Tiga perda yang ibu ajukan tak ada yang menyenangkan kami.

Bu Risma yang sangat berprestasi

Akhir akhir ini pula Ibu Risma begitu royal kepada penegak hukum. Banyak hibah tanah diberikan kepada Polisi, Jaksa, bahkan Pengadilan. Tapi ke warganya sendiri yang masih berstatus surat ijo masih engkau tak peduli.

Ibu Risma yang terhormat.

Ibu dan Bapak Bambang DH sudah 20 tahun berkuasa tapi kami warga surat ijo tak sedikitpun engkau pikirkan.

Bu Risma yang mulia, Engkau sebenarnya tahu penderitaan dan perjuangan warga pemegang surat ijo tapi tampaknya ibu dan bapak Bambang cuek-cuek bebek. Sekarang para wakil Rakyat yang kebetulan satu partai dengan Ibu pura-pura bersuara membela kami. Tapi para wakil rakyat yang sudah 30 tahun lebih hanya pura-pura menampung kami.

Ibu Risma yang semoga tambah sehat,

Di akhir jabatan ibu, Ibu telah berhasil mengambil aset tanah YKP dengan tangan Kejaksaan. Sekarang saatnya Ibu Risma melepas dengan syarat surat ijo agar kami bisa bernafas lega.
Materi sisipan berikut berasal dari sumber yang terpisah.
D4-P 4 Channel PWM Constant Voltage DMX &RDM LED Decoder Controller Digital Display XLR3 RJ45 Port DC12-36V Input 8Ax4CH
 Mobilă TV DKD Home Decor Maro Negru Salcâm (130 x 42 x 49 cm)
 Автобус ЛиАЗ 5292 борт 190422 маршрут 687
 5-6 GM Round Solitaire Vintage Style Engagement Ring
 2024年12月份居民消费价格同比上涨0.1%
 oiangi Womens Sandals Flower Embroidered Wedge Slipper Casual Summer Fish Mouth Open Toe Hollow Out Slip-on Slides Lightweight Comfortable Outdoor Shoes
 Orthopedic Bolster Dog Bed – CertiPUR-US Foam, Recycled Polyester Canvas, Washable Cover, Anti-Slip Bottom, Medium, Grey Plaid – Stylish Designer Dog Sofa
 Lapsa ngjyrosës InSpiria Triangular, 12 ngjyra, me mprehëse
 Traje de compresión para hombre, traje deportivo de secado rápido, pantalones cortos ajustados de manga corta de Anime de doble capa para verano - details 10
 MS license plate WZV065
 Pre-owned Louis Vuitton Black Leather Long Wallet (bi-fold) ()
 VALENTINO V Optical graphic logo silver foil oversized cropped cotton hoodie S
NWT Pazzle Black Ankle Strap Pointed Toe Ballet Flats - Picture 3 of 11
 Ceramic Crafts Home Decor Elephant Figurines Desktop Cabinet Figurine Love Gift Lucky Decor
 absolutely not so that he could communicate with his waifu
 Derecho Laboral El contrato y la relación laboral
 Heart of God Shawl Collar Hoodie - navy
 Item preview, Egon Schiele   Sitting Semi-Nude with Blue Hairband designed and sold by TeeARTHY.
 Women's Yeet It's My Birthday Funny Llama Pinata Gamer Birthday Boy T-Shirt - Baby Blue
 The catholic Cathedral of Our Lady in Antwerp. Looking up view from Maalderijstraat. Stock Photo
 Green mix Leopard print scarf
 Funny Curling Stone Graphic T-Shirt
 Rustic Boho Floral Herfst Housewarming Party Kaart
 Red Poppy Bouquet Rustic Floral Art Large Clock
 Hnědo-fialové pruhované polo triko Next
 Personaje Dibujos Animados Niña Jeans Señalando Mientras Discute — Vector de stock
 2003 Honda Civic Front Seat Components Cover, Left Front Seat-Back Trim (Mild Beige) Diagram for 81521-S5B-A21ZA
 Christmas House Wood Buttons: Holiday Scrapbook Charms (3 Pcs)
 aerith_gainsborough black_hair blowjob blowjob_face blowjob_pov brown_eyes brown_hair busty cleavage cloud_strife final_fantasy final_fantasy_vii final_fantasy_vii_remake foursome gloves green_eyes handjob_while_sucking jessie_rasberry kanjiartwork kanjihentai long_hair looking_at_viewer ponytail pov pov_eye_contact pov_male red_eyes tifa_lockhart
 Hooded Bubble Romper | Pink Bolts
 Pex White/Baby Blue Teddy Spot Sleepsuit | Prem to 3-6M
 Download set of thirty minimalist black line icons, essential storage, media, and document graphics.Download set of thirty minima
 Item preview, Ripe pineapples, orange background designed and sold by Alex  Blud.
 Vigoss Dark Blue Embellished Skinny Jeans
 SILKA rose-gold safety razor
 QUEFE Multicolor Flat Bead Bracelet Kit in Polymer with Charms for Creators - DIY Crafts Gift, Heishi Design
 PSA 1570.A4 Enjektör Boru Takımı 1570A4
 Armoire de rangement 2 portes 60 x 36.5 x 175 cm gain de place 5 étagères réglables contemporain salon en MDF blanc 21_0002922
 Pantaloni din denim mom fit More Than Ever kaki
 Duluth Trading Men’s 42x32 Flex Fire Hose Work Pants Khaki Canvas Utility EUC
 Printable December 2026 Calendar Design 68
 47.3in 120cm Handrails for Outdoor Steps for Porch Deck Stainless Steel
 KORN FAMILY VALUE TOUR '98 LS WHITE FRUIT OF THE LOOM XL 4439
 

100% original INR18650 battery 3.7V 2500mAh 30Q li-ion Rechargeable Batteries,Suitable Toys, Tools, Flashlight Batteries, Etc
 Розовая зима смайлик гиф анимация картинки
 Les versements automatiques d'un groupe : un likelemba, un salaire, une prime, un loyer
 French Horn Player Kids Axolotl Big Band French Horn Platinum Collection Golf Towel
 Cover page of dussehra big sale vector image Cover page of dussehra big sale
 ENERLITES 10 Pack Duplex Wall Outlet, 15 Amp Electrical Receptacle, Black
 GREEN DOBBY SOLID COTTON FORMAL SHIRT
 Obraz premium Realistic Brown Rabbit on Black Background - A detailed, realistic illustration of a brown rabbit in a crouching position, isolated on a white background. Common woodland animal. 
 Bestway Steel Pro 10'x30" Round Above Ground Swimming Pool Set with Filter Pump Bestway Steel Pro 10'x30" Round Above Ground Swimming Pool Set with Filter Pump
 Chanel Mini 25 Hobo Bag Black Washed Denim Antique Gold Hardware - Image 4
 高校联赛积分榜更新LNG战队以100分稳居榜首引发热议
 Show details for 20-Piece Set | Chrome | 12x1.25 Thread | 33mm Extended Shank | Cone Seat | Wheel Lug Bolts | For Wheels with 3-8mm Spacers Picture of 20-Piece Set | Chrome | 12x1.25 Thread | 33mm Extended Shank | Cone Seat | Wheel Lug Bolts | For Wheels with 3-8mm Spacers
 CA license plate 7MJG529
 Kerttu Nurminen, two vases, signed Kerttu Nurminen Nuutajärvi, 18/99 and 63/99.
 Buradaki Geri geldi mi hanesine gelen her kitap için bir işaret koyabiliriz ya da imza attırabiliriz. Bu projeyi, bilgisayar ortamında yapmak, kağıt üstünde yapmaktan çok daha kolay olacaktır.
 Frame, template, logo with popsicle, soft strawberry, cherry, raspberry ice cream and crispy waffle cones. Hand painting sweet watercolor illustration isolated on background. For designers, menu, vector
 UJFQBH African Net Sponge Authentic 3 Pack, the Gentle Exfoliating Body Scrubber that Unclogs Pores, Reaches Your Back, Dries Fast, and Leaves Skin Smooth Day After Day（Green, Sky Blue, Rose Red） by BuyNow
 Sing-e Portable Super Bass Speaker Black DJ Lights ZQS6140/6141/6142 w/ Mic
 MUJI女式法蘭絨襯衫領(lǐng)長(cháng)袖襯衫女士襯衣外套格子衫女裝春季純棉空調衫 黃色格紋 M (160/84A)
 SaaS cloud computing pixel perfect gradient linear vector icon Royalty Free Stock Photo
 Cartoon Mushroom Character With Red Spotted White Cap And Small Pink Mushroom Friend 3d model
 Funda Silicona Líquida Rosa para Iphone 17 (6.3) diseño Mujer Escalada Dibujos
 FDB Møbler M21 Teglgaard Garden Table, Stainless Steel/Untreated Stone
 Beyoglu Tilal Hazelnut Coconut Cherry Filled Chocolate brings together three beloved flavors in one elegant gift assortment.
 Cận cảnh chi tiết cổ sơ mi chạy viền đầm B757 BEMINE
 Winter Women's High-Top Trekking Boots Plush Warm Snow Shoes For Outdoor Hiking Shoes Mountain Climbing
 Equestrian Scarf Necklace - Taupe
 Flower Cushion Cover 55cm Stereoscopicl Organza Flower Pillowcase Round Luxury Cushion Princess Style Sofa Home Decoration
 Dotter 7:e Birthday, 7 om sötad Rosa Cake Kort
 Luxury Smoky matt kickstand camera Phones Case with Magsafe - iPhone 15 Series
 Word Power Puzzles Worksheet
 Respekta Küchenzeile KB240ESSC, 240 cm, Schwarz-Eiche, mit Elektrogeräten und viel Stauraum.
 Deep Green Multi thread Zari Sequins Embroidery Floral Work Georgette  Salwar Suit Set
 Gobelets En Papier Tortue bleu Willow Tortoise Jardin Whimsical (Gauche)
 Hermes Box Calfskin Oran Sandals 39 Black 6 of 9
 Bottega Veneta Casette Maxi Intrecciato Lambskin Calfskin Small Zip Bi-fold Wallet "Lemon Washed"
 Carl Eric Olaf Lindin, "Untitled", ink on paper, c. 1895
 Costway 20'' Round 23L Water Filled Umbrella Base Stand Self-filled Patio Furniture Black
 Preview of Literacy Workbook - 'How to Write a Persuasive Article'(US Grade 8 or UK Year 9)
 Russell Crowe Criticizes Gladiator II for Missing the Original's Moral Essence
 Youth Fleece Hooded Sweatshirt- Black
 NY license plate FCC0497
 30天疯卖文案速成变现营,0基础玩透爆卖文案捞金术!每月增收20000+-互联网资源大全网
Kami menyarankan ibu untuk meminta payung hukum pada Pengadilan supaya Ibu nanti tidak disalahkan.

Bu Risma yang baik hati, sumbangan kami untuk Pemkot tidak seberapa hanya Rp 46 miliar tiap tahun jauh dari APBN ibu yang Rp 9,5 triliun.

Ibu Risma. Kami mengetuk hati ibu diakhir masa jabatan ibu. Mohon ibu ingat janji janji ibu untuk warga Surabaya.

Sekali lagi mohon ibu ingat-ingat sekali lagi dari hati yang dalam dan dengan kesadaran penuh.

Semoga diakhir jabatan ibu khusnul Khotimah dan sehat selalu.

Pesan kami tidak ada salahnya untuk segera melepas surat ijo sesuai aturan. Karena semua kota di Indonesia sudah melepas.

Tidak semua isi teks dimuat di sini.